En marge de ces mécanismes de protection légaux, il est également urgent de sensibiliser les consommateurs. Plusieurs réflexes peuvent d’ores et déjà être mis en œuvre, le premier étant de refuser dès que possible de communiquer ses données personnelles. Des solutions techniques sont également envisageables, telles que l’installation de logiciels (ex : le module d’extension « Privacy Badger » qui bloque les cookies) ou l’utilisation de plateformes soucieuses de la vie privée (ex : le navigateur « Qwant » qui s’engage à ne pas vendre les données personnelles des utilisateurs). La concentration de plusieurs services au sein d’un même opérateur est également risquée en ce que le croisement des données des différents services lui permet d’obtenir un profil détaillé de l’utilisateur. Une diversification des opérateurs limite dès lors la connaissance qu’ils pourraient avoir de votre vie privée.

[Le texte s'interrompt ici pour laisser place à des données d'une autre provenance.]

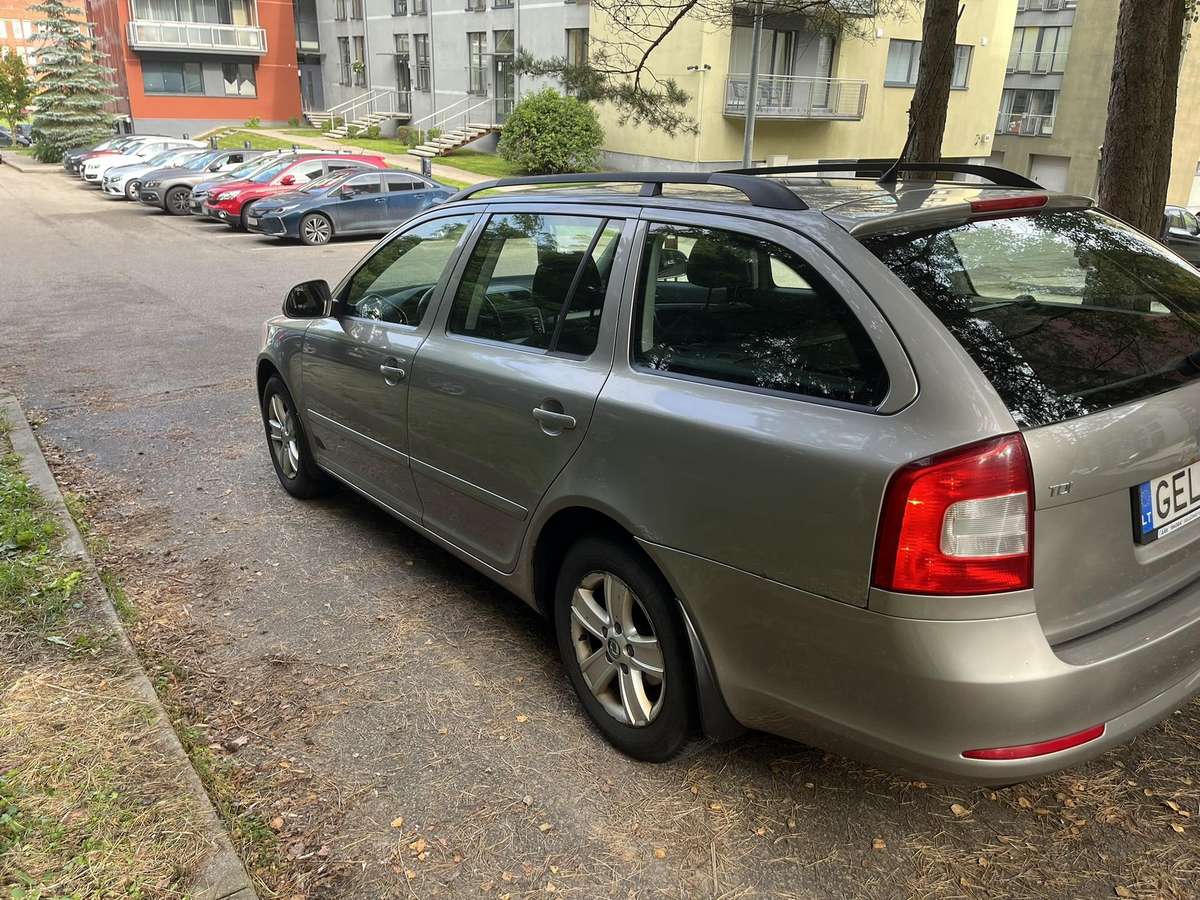 Skoda Octavia, 1.6 l., Универсал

Le questionnaire de Désiré Dalloz
Quel est votre meilleur souvenir d’étudiant ?
Très certainement le jour où j’ai obtenu ma licence. Une erreur informatique avait retardé l’annonce des résultats. Las d’attendre, nous avions décidé avec plusieurs autres étudiants de nous rejoindre afin de nous changer les idées et les résultats sont tombés lorsque nous étions réunis. C’est à ce moment-là que nous avions constaté tout le chemin parcouru et tout ce que nous pourrions accomplir à l’avenir.
Quel est votre héros de fiction préféré ?
Sam Gamegee, de la trilogie du Seigneur des anneaux de J. R. R. Tolkien, qui incarne des valeurs de bonté, de loyauté et de courage, tout en aspirant à une vie simple. Il représente le héros de tous les jours : ces personnes invisibles, qui pourtant sont indispensables.
Quel est votre droit de l’homme préféré ?
Toutes les formes de libertés, pourvu qu’elles ne nuisent pas à autrui.